Since last month, when the board of the Scottish Association for Marine Science meets in Oban, one trustee is there to represent the Atlantic Ocean itself. She has a say in every discussion. She does not have a veto [1].

The 140-year-old charity, founded during the Scottish Enlightenment, named environmental lawyer Helen Mitcheson of the law firm Pinsent Masons as the ocean's first representative [1]. Her authority is narrow and specific: she speaks, she can force the ocean into a conversation, but she cannot stop a vote. In the very first board meeting, Mitcheson told the Guardian, she had to intervene after 20 minutes of discussion had passed without anyone mentioning the ocean at all [1].

That gap between voice and veto is exactly what a rights-of-nature story tends to lose. The concept invites a binary reading online, where a person on a board becomes either a landmark grant of legal personhood or a marketing stunt. What SAMS actually built is neither. A working group spent months defining terms, settling on the ocean as planet-wide, including the seabed and part of the airspace above but excluding human activities, and deciding it would be represented by one named person rather than a legal entity [1]. The ocean holds no independent standing in law here, and no power to block.
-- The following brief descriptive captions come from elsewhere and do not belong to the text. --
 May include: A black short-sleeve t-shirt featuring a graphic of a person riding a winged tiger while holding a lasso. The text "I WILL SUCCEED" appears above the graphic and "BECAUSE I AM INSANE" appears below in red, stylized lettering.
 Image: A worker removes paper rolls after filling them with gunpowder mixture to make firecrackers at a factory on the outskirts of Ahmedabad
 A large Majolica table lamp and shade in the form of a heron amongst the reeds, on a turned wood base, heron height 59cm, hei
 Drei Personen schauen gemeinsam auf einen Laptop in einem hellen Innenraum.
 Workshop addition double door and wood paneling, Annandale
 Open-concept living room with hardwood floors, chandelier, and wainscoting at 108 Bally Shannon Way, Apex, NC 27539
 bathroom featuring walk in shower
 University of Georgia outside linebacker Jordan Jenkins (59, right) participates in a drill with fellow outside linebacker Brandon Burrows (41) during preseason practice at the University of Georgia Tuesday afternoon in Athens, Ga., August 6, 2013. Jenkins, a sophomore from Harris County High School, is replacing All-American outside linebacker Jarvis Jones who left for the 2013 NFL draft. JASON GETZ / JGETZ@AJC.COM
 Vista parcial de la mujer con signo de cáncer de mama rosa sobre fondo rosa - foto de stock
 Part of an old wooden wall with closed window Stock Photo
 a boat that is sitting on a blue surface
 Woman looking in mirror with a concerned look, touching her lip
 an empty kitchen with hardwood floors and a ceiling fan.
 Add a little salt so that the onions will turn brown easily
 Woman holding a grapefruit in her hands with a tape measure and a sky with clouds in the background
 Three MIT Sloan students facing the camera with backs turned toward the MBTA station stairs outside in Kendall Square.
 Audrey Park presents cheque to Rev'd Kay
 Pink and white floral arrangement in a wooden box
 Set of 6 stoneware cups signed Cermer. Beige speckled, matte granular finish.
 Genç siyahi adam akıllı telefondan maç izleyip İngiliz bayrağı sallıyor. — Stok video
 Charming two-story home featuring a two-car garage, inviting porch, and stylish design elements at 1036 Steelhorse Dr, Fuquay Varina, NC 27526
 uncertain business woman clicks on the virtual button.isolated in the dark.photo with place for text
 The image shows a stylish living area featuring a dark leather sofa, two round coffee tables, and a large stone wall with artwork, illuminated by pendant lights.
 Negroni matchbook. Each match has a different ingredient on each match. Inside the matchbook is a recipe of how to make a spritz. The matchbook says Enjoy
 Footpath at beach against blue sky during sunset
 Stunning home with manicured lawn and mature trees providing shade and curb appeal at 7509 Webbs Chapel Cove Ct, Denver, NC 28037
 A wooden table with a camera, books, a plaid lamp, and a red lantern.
Director Nick Owens, a marine scientist, said the appointment could in principle push the board toward rejecting a lucrative contract, and staff asked whether it meant refusing to work with industries such as aquaculture [1]. His answer draws the line the loudest reactions skip. "It is possible that we might decide not to work with a particular industry, but we have not done so yet," Owens said, adding that SAMS would still engage industries to understand and reduce their impacts [1]. The consequence that would prove the role changes decisions -- a declined contract, a dropped partner -- has not arrived.

SAMS is not first. In 2022 the beauty maker Faith in Nature became the first company to give nature a formal corporate vote; its brand director, Simeon Rose, cited concrete shifts such as sourcing orange-waste and koala-corridor tea tree oils [1]. About 25 organisations across Britain, France, Belgium, the US and Australia have followed, and a French Green MP has proposed requiring nature representation on large-company boards [1].

To fend off the greenwashing charge, Owens is writing the ocean trustee's remit into the SAMS constitution so it becomes a permanent part of decision-making [1]. Whether that language, and future minutes, ever record the ocean changing an outcome is the test still ahead.